**Information given:**
========================================================================

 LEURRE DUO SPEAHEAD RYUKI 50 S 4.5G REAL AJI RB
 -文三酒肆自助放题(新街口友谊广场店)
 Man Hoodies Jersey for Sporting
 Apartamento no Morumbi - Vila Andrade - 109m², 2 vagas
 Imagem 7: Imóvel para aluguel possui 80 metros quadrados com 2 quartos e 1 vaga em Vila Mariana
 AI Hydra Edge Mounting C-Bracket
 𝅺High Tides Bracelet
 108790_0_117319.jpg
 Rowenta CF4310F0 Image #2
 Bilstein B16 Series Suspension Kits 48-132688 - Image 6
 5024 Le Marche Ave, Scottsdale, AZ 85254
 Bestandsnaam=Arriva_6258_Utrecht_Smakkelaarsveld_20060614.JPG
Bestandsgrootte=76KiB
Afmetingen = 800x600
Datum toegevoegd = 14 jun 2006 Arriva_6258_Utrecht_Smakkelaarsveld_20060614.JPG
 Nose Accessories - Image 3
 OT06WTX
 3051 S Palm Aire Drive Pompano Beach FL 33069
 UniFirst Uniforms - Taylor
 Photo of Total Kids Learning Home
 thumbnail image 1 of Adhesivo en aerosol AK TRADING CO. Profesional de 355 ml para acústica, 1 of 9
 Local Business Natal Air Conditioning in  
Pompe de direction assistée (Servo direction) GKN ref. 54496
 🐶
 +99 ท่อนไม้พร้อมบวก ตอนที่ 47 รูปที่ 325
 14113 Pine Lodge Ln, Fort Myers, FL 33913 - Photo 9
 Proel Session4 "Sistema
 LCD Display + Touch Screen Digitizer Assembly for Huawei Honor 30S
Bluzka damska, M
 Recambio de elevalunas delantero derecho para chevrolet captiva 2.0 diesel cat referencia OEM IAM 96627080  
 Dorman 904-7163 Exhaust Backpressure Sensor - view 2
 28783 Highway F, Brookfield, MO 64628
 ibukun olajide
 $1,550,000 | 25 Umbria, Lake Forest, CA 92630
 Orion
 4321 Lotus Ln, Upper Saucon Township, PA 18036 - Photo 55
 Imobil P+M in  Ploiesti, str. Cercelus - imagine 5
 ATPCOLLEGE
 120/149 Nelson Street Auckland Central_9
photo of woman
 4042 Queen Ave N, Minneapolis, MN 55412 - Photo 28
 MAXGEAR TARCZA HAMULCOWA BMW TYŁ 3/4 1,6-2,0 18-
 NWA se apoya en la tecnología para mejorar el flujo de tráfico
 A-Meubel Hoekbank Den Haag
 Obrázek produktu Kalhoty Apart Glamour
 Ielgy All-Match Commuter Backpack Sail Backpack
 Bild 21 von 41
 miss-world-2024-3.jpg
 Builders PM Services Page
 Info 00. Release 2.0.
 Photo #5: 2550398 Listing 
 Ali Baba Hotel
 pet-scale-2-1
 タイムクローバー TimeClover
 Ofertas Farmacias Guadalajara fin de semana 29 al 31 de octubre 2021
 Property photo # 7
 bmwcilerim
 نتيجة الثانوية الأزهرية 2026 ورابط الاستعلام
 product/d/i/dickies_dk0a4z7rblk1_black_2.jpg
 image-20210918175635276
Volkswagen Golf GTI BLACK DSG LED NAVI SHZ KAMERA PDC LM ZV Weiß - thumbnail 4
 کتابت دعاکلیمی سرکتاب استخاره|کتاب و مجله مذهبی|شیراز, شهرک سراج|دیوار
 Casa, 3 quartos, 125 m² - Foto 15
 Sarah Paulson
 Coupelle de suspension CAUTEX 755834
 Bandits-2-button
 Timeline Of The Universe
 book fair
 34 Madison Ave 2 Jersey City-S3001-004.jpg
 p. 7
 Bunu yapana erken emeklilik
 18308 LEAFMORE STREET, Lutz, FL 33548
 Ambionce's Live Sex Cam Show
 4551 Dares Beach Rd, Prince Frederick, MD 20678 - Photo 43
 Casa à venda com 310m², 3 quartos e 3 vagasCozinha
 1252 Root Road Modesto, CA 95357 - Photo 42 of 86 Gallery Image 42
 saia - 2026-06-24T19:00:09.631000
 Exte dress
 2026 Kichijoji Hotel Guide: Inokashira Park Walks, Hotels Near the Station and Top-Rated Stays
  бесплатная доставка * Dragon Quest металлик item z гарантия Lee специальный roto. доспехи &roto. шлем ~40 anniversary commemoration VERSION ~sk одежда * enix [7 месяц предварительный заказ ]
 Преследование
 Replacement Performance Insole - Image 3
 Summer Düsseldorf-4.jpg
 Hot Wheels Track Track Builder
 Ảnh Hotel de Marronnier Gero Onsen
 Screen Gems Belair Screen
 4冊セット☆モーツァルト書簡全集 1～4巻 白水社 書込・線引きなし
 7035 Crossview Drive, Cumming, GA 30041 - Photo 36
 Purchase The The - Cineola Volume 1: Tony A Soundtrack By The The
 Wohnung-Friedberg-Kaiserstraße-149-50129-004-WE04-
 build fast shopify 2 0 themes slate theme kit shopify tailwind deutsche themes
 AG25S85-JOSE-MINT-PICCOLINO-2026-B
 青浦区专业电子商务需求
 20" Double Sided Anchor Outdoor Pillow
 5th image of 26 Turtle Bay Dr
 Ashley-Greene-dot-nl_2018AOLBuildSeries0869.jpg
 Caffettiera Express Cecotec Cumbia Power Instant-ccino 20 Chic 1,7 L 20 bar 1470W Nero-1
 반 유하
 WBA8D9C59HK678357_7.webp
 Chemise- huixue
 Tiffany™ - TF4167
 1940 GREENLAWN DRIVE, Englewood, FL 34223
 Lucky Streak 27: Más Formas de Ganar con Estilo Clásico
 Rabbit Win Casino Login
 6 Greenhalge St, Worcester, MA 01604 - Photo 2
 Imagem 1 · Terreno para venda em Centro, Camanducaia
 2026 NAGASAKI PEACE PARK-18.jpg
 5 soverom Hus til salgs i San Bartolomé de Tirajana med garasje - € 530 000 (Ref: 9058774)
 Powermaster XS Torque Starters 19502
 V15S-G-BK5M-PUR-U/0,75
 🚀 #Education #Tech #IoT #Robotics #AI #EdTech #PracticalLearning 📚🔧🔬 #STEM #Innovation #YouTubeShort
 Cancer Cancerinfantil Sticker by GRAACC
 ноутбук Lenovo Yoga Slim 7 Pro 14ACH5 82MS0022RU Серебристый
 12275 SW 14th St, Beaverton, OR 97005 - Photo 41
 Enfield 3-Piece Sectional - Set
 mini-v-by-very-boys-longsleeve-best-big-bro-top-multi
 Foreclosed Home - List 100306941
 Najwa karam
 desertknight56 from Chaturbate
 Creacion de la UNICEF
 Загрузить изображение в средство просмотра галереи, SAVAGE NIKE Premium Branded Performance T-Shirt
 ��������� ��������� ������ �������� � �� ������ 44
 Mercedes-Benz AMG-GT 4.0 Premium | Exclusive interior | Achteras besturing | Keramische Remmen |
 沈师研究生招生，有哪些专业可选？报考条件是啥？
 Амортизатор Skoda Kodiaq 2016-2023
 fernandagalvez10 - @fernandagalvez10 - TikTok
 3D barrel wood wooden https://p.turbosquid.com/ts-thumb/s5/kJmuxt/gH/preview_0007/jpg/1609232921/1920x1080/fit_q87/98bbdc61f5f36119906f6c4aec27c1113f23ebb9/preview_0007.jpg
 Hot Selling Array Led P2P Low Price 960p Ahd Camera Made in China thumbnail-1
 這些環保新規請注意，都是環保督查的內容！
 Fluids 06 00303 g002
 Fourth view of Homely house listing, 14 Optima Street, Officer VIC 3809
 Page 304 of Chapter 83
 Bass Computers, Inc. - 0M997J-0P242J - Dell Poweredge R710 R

========================================================================

**Task:** All lines containing "Beach" in the material above should appear in your reply, copied exactly.

**Result:**
 3051 S Palm Aire Drive Pompano Beach FL 33069
 4551 Dares Beach Rd, Prince Frederick, MD 20678 - Photo 43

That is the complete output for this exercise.